What you should do = Please return only the lines from the one with "Front pudełka Basilur" through the final line of the data, unchanged, with pictures omitted.

[[ Provided material, beginning ]]

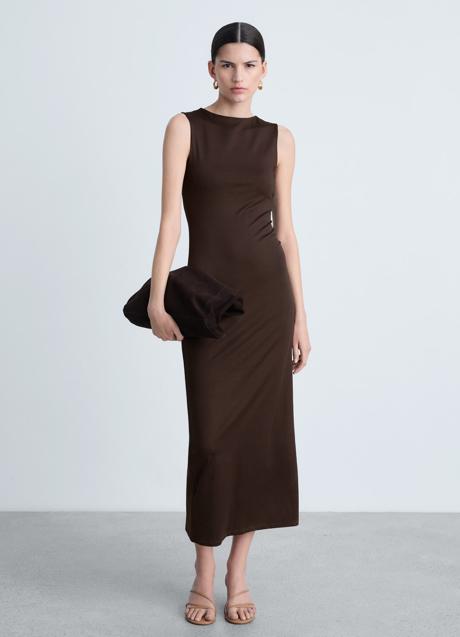 Vestido marrón de Mango (25,99 euros)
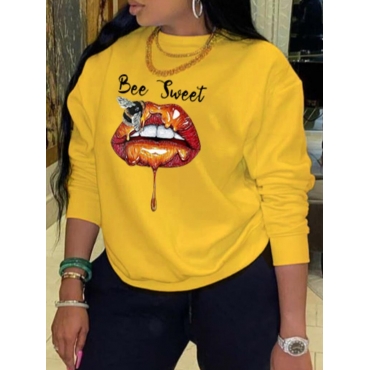 

LW Lip Letter Print Sweatshirt, Yellow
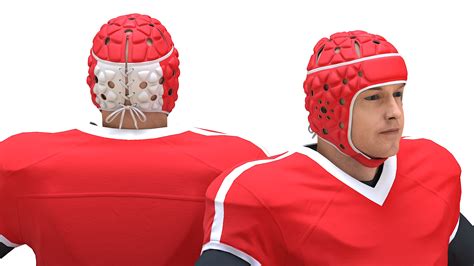 Uniform Football Player with Rugby Helmet Headguard Rigged for Maya 3D ...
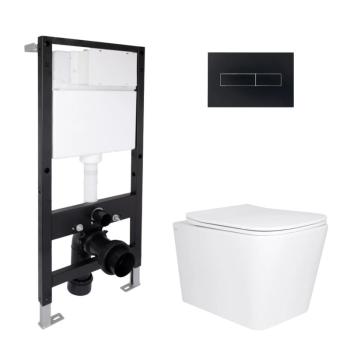 Готовое решение Qtap для ванной комнаты: подвесной унитаз Tern Ultra Quiet 525x345x360 + комплект инсталляции Standard (линейная кнопка Black)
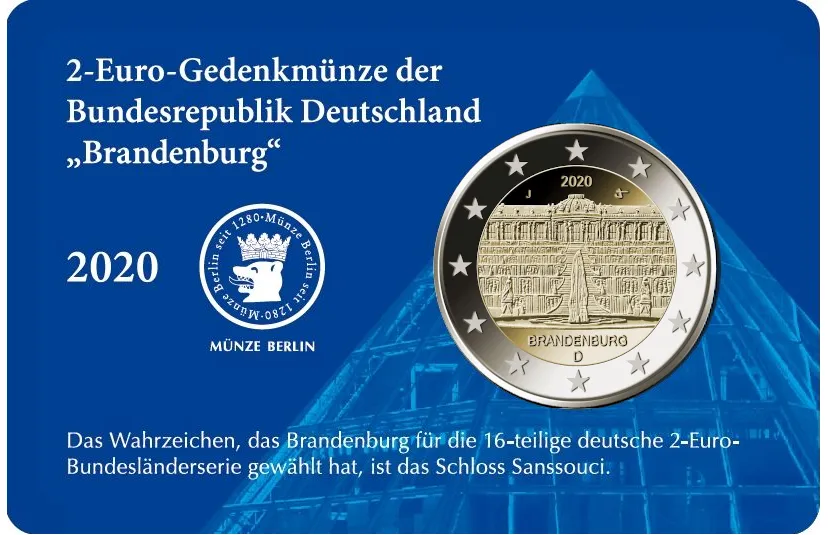 2-Euro Gedenkm&uuml;nze - Brandenburg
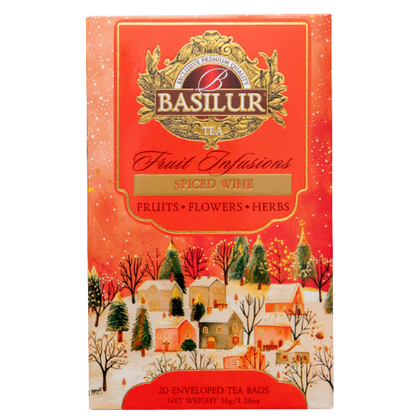 Front pudełka Basilur Spiced Wine – zimowa herbata owocowo-ziołowa o korzennym aromacie.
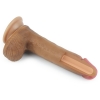 Фаллоимитатор мулат на присоске с мошонкой in Dual layered Liquid Silicone Nature Cock 20,5 см, Ø 3,5 см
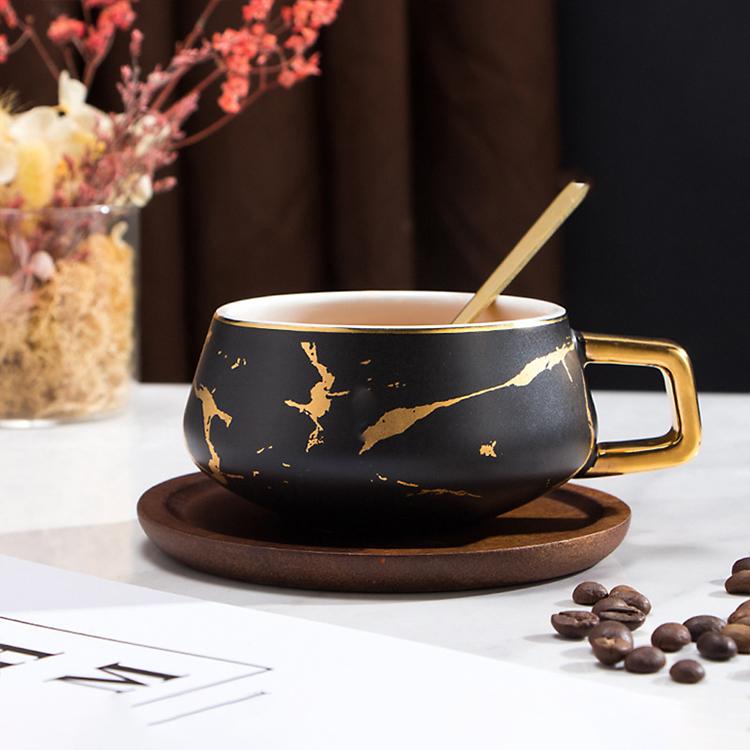 Black Gold Ceramic Teacup with Wooden Tray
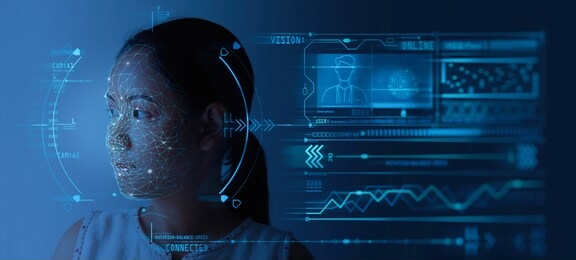facial recognition system concept with face recognition and 3d scanning interface.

[[ Provided material, end ]]

Solution for this task =
 Front pudełka Basilur Spiced Wine – zimowa herbata owocowo-ziołowa o korzennym aromacie.
 Фаллоимитатор мулат на присоске с мошонкой in Dual layered Liquid Silicone Nature Cock 20,5 см, Ø 3,5 см
 Black Gold Ceramic Teacup with Wooden Tray
facial recognition system concept with face recognition and 3d scanning interface.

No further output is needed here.